We have now come to the second-last part of this series of articles and it's time to wrap up everything and decide the final points formula.

The series began in the May PPM, and continued through June, July and August. You will need copies of these magazines in order to follow the final formula.

Those who have been following the path of the approach will now be able to determine exactly where we are headed. We have all the Factors in place.

Your first step, of course, is to decide which races to bet. These were outlined in the May and June issues. It's important you bet on the right races.

In my summary, I outlined that for metropolitan meetings you ignore all races except Open and Restricted Handicaps, Welters, Fillies and Mares, WFA and Set Weights for 2yos and 3yos; no race is considered which has 15 or more runners; no race lower than 1000m, and if the pre-race favourite is at evens or lower, then ignore the race. Also, any race restricted to apprentices is ignored.

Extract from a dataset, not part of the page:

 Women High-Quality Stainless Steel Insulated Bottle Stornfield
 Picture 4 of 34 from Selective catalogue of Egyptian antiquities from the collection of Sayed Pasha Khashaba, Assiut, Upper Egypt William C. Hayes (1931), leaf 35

For provincial/ country meetings, operate only on Class 5, Class 6, Welters, Fillies and Mares and Open Handicaps; ignore any race with 13 or more runners, ignore any race under 1000m, ignore any race in which the pre-race favourite is at evens or lower, plus ignore apprentice-only races.

The Ratings Guide to the various Race Classes were in the June PPM (page 15). Using these ratings, you can secure a Race Rating for each runner in any race on which you are betting.

Use 1.5kg to equal one length. The usual weight and class approach is used. That is, say, horse is beaten 2 lengths in a wfa race (Class Rating 70), meaning his rating is then 70 minus 3 equals 67, plus the weight he carried over the theoretical Limit in wfa of 50kg. If he carried 57kg, then his final rating would be 67 plus 7 equalling 74.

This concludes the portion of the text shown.